Description of the task:
Each line of the data below from the one holding "Judge Declines to" to the one holding "Ball screw drive", inclusive, is to be reproduced exactly; no other line belongs in the answer.
Top of Data for processing
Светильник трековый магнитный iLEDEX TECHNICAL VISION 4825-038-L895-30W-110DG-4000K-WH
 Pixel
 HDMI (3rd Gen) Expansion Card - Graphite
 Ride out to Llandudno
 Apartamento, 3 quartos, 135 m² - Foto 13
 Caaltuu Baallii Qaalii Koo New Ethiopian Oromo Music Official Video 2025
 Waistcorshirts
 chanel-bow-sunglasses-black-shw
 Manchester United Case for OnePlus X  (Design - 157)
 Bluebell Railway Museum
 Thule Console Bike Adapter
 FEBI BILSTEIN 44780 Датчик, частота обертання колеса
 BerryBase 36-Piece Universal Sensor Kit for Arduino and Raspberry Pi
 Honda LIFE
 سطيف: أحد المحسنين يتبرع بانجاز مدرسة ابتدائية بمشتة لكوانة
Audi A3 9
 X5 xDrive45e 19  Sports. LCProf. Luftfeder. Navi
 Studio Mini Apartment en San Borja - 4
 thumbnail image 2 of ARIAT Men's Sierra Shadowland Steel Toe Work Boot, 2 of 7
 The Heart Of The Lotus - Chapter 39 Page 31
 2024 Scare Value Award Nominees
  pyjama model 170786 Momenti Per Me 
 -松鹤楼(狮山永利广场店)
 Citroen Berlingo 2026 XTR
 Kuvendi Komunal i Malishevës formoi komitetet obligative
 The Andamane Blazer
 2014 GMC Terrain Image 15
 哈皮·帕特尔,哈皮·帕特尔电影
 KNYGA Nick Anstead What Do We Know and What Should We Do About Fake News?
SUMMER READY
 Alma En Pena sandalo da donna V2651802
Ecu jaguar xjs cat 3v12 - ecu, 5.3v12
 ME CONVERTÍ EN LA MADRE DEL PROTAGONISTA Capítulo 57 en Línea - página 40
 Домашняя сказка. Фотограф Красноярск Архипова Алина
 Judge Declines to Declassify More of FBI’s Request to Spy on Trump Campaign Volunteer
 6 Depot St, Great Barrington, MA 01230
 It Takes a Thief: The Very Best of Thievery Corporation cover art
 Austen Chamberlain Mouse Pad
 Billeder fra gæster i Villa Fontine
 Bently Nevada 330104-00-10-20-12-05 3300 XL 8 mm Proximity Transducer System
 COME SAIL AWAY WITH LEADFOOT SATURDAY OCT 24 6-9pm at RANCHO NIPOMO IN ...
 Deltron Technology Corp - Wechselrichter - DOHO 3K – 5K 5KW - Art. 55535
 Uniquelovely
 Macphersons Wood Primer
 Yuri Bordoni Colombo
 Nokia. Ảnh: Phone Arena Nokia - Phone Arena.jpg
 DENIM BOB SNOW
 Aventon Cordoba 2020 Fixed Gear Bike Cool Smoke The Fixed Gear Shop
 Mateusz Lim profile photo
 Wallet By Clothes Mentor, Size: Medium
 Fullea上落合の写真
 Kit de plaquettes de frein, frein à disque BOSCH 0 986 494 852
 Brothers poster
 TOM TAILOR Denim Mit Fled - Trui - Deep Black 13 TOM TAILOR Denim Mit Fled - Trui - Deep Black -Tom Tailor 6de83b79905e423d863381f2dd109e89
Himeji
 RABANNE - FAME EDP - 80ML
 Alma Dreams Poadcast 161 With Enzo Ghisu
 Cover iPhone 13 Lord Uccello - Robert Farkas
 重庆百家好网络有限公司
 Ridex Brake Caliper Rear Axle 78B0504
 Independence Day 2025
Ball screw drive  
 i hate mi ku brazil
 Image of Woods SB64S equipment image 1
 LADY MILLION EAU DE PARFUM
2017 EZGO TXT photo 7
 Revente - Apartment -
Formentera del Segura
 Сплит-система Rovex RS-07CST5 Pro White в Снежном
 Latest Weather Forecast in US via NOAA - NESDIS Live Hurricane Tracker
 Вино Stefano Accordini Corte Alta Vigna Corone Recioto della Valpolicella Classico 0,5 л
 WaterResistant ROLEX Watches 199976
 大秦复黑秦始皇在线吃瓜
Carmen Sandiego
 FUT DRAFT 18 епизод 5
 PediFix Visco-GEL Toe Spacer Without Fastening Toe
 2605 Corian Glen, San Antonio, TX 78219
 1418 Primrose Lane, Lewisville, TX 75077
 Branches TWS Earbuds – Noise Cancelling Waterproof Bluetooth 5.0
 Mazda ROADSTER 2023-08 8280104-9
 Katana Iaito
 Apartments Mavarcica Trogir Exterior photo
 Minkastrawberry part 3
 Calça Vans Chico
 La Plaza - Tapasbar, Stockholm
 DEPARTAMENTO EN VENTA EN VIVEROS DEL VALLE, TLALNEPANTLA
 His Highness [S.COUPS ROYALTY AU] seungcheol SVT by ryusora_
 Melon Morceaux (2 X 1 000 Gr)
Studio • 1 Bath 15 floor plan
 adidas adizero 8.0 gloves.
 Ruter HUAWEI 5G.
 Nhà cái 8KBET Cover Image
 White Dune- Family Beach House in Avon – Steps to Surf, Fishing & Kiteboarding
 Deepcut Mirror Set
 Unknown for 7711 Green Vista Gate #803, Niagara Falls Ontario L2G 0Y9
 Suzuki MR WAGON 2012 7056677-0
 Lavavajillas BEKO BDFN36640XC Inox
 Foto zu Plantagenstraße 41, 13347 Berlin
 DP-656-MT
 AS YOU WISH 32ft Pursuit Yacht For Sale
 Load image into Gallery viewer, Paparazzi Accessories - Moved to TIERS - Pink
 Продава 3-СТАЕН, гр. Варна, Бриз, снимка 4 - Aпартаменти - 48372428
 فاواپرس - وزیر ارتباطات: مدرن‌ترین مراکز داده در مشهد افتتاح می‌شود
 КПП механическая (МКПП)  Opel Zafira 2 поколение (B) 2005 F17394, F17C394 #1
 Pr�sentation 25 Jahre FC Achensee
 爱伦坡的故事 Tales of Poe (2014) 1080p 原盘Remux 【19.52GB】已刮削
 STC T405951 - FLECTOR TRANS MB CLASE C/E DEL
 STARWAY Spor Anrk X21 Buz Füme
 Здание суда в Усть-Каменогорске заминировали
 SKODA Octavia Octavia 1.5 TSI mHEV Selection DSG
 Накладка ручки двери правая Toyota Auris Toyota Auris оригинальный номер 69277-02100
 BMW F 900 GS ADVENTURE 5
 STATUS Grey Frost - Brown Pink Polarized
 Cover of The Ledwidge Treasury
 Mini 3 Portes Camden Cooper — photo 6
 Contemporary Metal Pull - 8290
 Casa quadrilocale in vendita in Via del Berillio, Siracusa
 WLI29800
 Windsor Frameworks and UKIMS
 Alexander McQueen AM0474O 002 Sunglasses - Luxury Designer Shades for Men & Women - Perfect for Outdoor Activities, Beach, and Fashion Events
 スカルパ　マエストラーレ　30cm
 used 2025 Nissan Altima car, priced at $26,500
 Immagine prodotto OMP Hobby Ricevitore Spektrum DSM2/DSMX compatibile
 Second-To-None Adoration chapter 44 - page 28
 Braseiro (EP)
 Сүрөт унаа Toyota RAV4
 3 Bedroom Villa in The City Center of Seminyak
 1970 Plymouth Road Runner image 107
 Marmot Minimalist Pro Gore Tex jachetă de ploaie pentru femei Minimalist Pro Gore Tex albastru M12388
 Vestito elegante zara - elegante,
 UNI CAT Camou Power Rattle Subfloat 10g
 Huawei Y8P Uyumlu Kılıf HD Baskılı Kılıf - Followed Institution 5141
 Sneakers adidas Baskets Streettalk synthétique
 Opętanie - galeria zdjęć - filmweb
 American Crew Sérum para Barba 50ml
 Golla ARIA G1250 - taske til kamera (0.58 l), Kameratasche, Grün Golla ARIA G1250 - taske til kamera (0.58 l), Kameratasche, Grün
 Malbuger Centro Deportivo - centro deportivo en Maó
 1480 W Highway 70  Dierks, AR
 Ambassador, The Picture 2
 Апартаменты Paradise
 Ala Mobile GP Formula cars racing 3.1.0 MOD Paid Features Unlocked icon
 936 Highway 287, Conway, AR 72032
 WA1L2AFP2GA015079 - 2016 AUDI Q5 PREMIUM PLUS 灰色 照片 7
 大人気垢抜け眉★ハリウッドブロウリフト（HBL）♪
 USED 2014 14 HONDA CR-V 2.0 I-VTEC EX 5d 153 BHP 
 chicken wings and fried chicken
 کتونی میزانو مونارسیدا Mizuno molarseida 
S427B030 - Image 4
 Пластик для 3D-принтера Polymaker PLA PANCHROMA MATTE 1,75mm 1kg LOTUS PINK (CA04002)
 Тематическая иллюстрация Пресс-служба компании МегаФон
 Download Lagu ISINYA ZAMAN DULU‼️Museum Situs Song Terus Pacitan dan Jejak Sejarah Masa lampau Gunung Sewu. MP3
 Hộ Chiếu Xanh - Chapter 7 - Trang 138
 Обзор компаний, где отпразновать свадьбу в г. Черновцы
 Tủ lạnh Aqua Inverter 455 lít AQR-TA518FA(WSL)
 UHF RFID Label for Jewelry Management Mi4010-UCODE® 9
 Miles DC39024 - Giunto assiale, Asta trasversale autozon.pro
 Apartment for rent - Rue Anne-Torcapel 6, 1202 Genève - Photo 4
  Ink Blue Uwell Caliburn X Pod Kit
Bottom of Data for processing
Response:
 Judge Declines to Declassify More of FBI’s Request to Spy on Trump Campaign Volunteer
 6 Depot St, Great Barrington, MA 01230
 It Takes a Thief: The Very Best of Thievery Corporation cover art
 Austen Chamberlain Mouse Pad
 Billeder fra gæster i Villa Fontine
 Bently Nevada 330104-00-10-20-12-05 3300 XL 8 mm Proximity Transducer System
 COME SAIL AWAY WITH LEADFOOT SATURDAY OCT 24 6-9pm at RANCHO NIPOMO IN ...
 Deltron Technology Corp - Wechselrichter - DOHO 3K – 5K 5KW - Art. 55535
 Uniquelovely
 Macphersons Wood Primer
 Yuri Bordoni Colombo
 Nokia. Ảnh: Phone Arena Nokia - Phone Arena.jpg
 DENIM BOB SNOW
 Aventon Cordoba 2020 Fixed Gear Bike Cool Smoke The Fixed Gear Shop
 Mateusz Lim profile photo
 Wallet By Clothes Mentor, Size: Medium
 Fullea上落合の写真
 Kit de plaquettes de frein, frein à disque BOSCH 0 986 494 852
 Brothers poster
 TOM TAILOR Denim Mit Fled - Trui - Deep Black 13 TOM TAILOR Denim Mit Fled - Trui - Deep Black -Tom Tailor 6de83b79905e423d863381f2dd109e89
Himeji
 RABANNE - FAME EDP - 80ML
 Alma Dreams Poadcast 161 With Enzo Ghisu
 Cover iPhone 13 Lord Uccello - Robert Farkas
 重庆百家好网络有限公司
 Ridex Brake Caliper Rear Axle 78B0504
 Independence Day 2025
Ball screw drive  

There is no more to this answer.